**INPUT FOR THIS TASK**
★ ★ ★ ★ ★

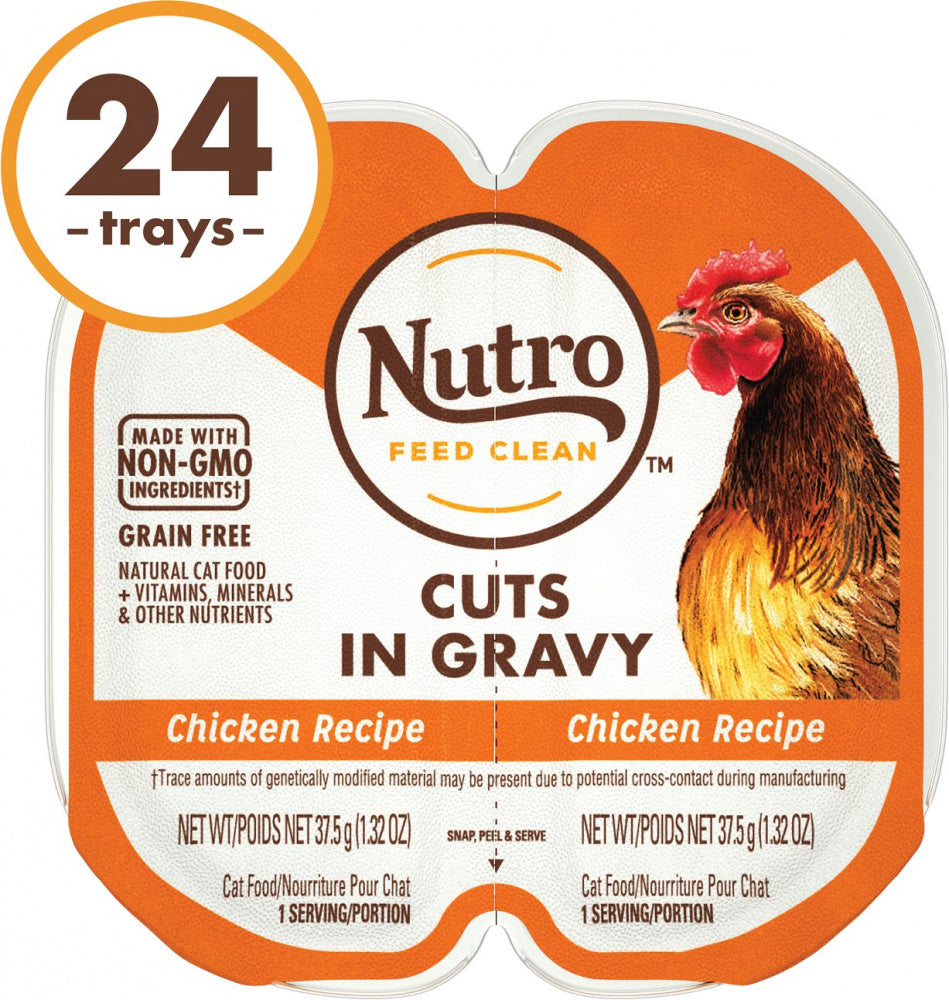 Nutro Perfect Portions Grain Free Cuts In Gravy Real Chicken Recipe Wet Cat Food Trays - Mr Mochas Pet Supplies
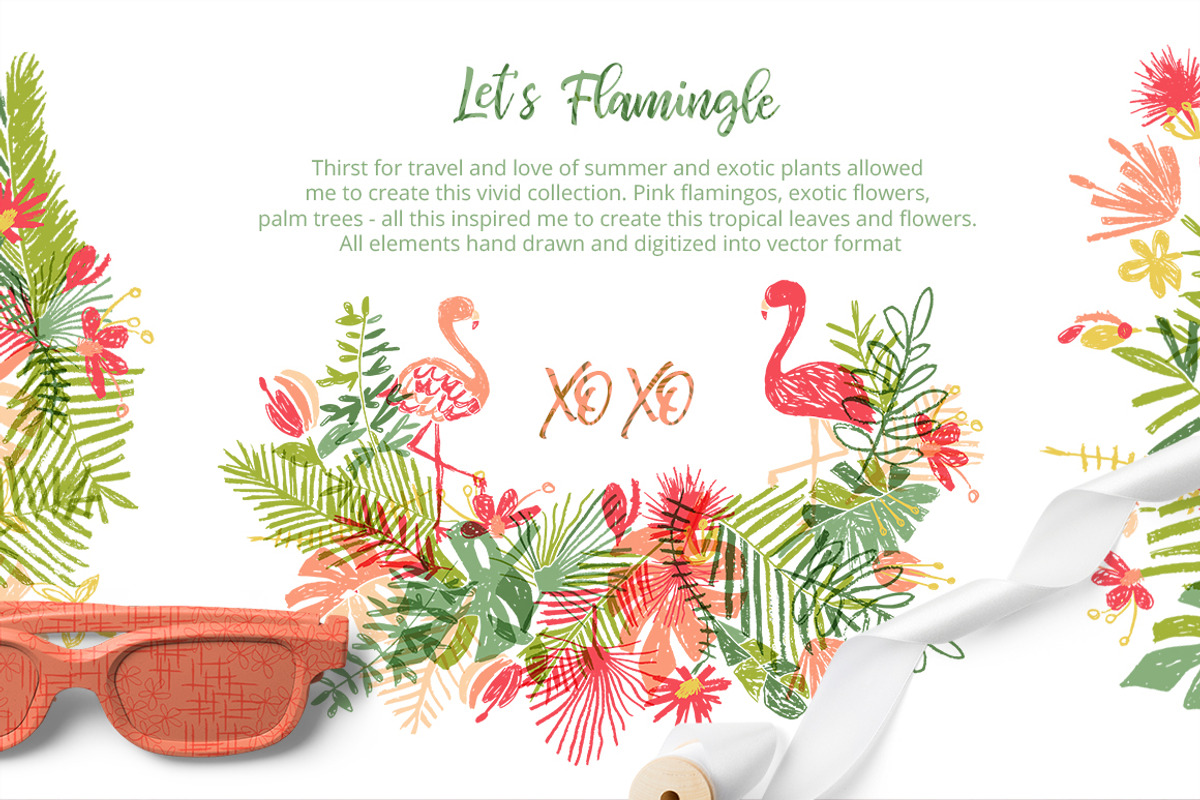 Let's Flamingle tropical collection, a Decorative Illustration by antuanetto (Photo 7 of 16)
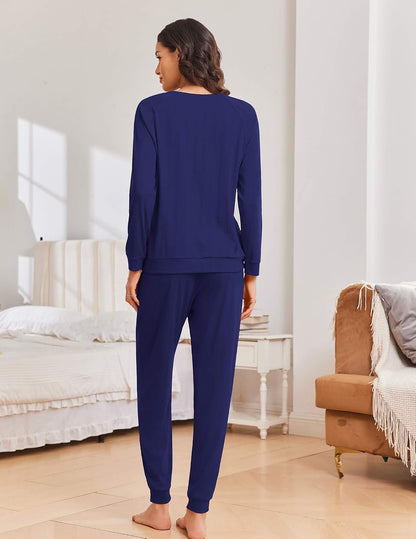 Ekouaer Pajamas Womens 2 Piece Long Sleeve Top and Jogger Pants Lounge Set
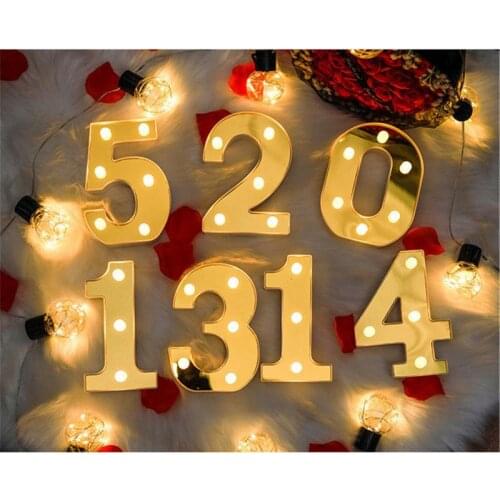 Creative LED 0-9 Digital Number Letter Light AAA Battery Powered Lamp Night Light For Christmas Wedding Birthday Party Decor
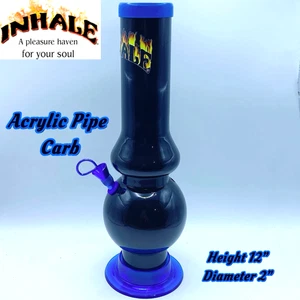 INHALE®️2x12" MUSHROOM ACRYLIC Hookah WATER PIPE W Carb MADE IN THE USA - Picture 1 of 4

★ ★ ★ ★ ★

**WORK REQUEST**
All of the records above should be written out exactly, with the pictures left out.

**YOUR RESPONSE**
 Nutro Perfect Portions Grain Free Cuts In Gravy Real Chicken Recipe Wet Cat Food Trays - Mr Mochas Pet Supplies
 Let's Flamingle tropical collection, a Decorative Illustration by antuanetto (Photo 7 of 16)
 Ekouaer Pajamas Womens 2 Piece Long Sleeve Top and Jogger Pants Lounge Set
 Creative LED 0-9 Digital Number Letter Light AAA Battery Powered Lamp Night Light For Christmas Wedding Birthday Party Decor
 INHALE®️2x12" MUSHROOM ACRYLIC Hookah WATER PIPE W Carb MADE IN THE USA - Picture 1 of 4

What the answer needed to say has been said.